Man on bicycle riding past old stone house

Spices & tea in Galle

Before staying in Galle, I knew two things about this coastal Sri Lankan town, looking out over the Indian Ocean.

First that it was popular with the boho-chic set from London’s Notting Hill. Second, its cricket stadium had been destroyed by the 2004 tsunami, with the pitch 30 metres under water.

When I arrived in the town in January 2016, I was still drifting in my personal nirvana following a nine-day holistic retreat at the Sen Wellness Sanctuary in Sri Lanka.

I had designed my stop-over in Galle as a way to help me adjust back to the real world, having come from one of chanting, meditating and holding yogic poses, all while sticking to an Ayurvedic diet.

Galle is located nearly two and a half hours’ drive from Colombo’s international airport, on the south-west tip of Sri Lanka’s 1,340km (830-mile) coastline. Many visitors skip Colombo altogether and arrive in Galle straight from the airport.

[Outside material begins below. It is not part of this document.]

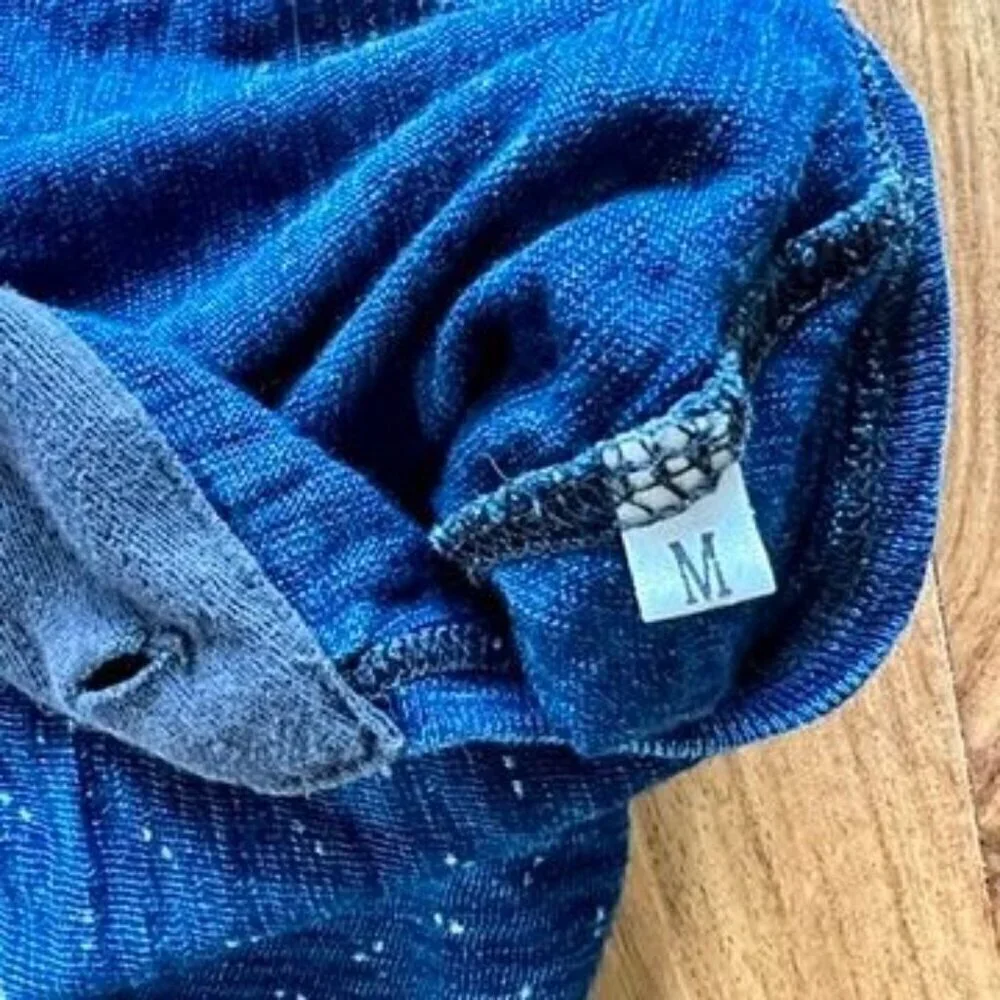 J. Crew Indigo Blue Dotted Short Sleeved Henley Shirt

Sen Wellness is a two hours’ drive further east, along the coast and past another historic town, Matara, but when traffic is bad on that coastal road it can take four.

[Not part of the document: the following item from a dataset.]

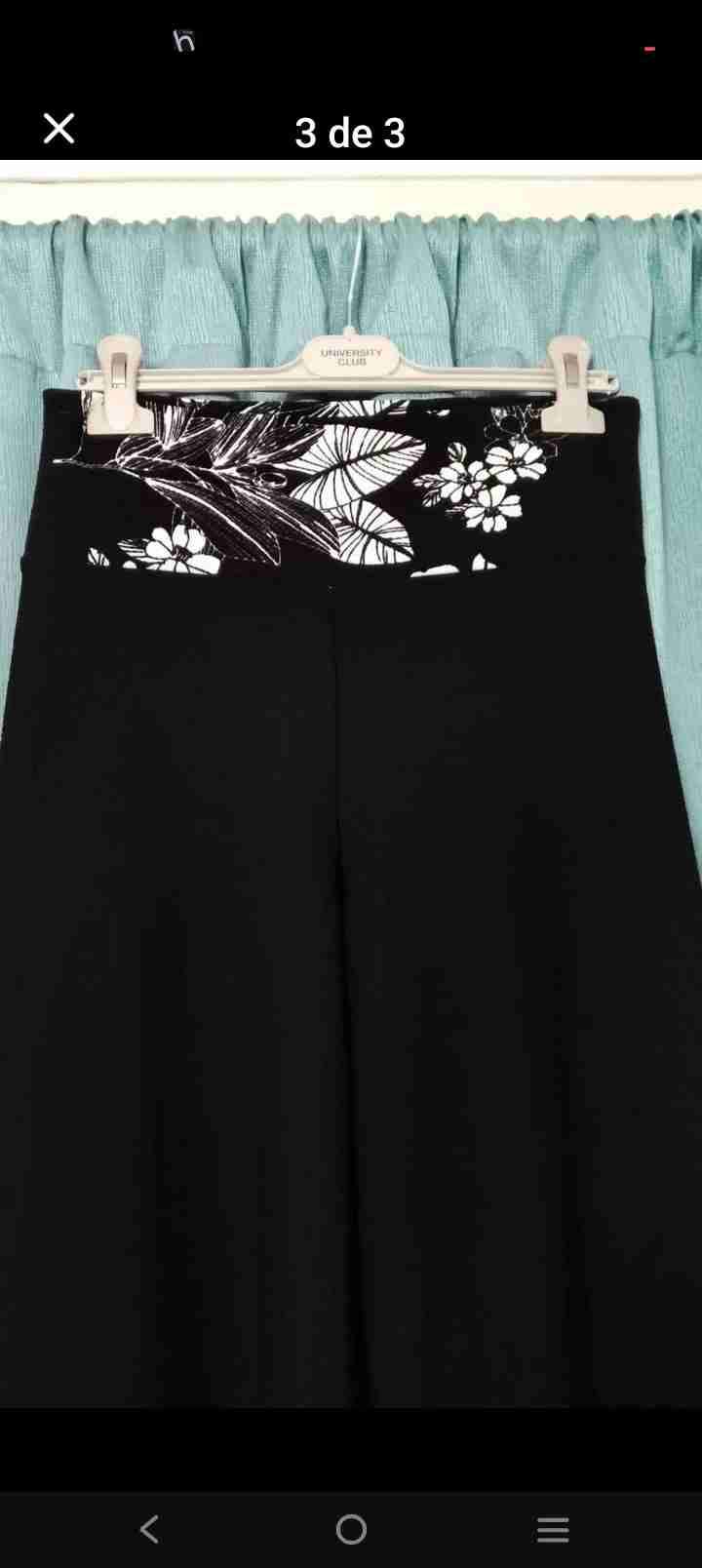 Palazo negro con estampado floral - miniatura 3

Old stone entrance with moss
One of the two historic entrances to Galle Fort
Men pushing fishing boat into the sea
Fishermen down in the port

Cricket is all out in Galle

The first thing you see when arriving in Galle is the cricket stadium, located at the northern neck of the Galle peninsula, home to the historic Galle Forte, whose ramparts form the boundaries of the old town.

Galle may have a population of a mere 93,000, but the cricket stadium is the ‘international’ cricket stadium. Cricket – introduced under the British occupation – is the most popular sport in Sri Lanka. Everyone talks about cricket. On the day I arrived, the match being played was against an English team, my taxi driver explained with great excitement.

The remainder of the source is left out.